Повалявшись еще немного в сладких раздумьях, Сурин пришел к печальному выводу, что даже у миллиардеров существуют неотложные заботы. Богатые не только плачут, они также ходят пи-пи и ка-ка, так что пришлось вставать и, шаркая шлепанцами, тащиться в туалет – единственное место в клинике, где комфорт еще не соответствовал уровню мировых стандартов.
Растянутое к виску правое веко Сурина по неизвестной причине зажило раньше левого, и видел он только одним глазом, да и то частично, что значительно сужало привычный кругозор и осложняло жизнь. Когда он возвращался в палату, его шлепанцы оставляли на линолеуме влажные следы, а одна штанина пижамных брюк, сырая от бедра до колена, неприятно холодила ногу. И это было не единственная неприятность, приключившаяся с Суриным этим, так славно начавшимся, утром.
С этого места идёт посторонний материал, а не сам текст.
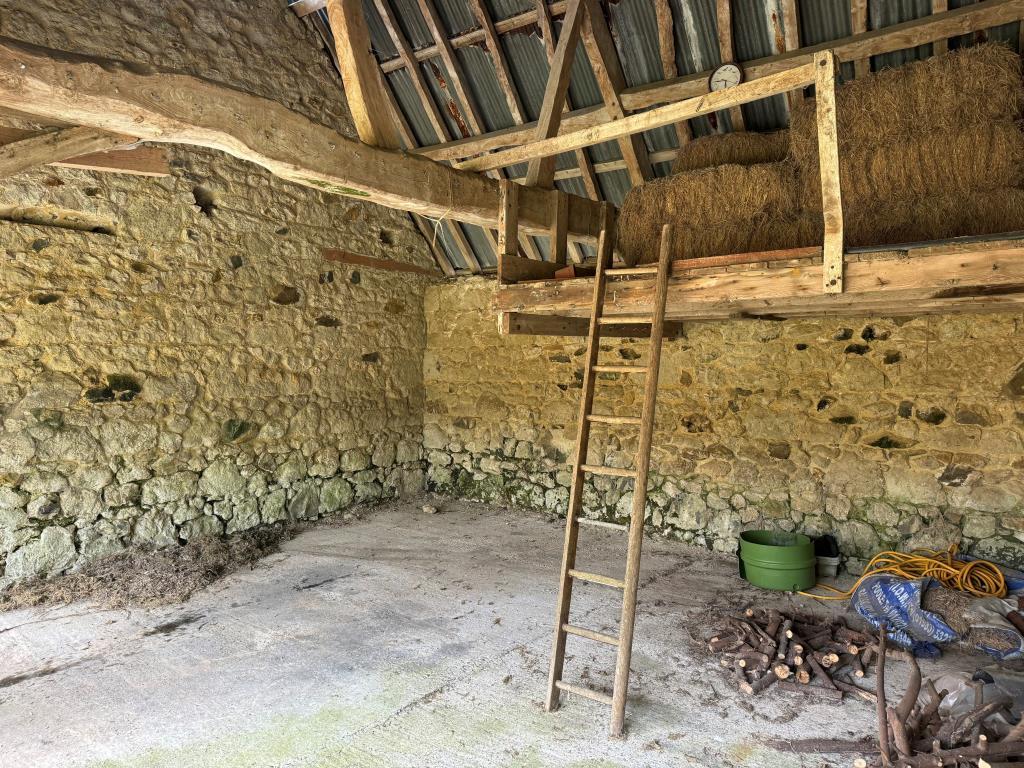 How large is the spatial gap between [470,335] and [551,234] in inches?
121

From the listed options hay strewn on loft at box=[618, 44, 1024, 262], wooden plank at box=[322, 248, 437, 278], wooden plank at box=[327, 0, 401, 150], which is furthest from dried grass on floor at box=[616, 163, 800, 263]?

В палате находилась медсестра Наташа в не очень свежем халатике, наброшенном по обыкновению прямо на голое тело, и совершенно незнакомый Сурину молодой человек с какими-то веселыми, но очень злыми карими глазами.
– Это, наверное, и есть наш красавец? – осведомился незнакомец, с интересом разглядывая Сурина, замершего на пороге.
Спрятав мокрую штанину за сухую, Сурин вопросительно посмотрел на Наташу: в чем дело, что здесь происходит?
Заметно осмелев, она, рослая и грудастая, подбоченясь, пошла грудью на мужчину, приговаривая при этом:
– А я вам говорю, мужчина, немедленно покиньте помещение! Кто вы, собственно говоря, такой?
– Собственно говоря, лично для вас, девушка, это уже не имеет никакого значения. – Странная фраза. Тем более что в ней прозвучало искреннее соболезнование.
– Как это не имеет значения? – заволновалась Наташа. – Как это не имеет? Я вас русским языком спрашиваю: кто вы? Что вам здесь нужно?
– Я ваш новый врач, – скромно представился незнакомец. – Зовите меня просто Толиком.
– Какой еще новый врач? – гневно воскликнула Наташа, упираясь бюстом в солнечное сплетение невесть откуда взявшегося самозванца.
– Лечащий, – пояснил он. – Аркадий Викторович Сурин отныне всецело доверится моим заботам… Я прав, Аркаша?
Сурин хотел ответить отрицательным мычанием, но даже этот простенький звук застрял в его горле. Низ кремовых брюк Толика был забрызган чем-то красным, совершенно непохожим на краску или гранатовый сок, которым поили здесь по утрам пациентов. Такие же пятна, но помельче, усеивали белую рубаху Толика. Он носил ее навыпуск, и она некрасиво топорщилась у него на животе.
Медсестра не замечала всех этих подробностей, потому что приблизилась к собеседнику вплотную. Она оглянулась на привалившегося к косяку Сурина, подождала, не последует ли от него каких-либо заявлений, и опять уставилась на незнакомца:
– Ну-ка, проваливай отсюда, Толик, пока я охрану не вызвала! Знаешь, какие бугаи у нас тут дежурят?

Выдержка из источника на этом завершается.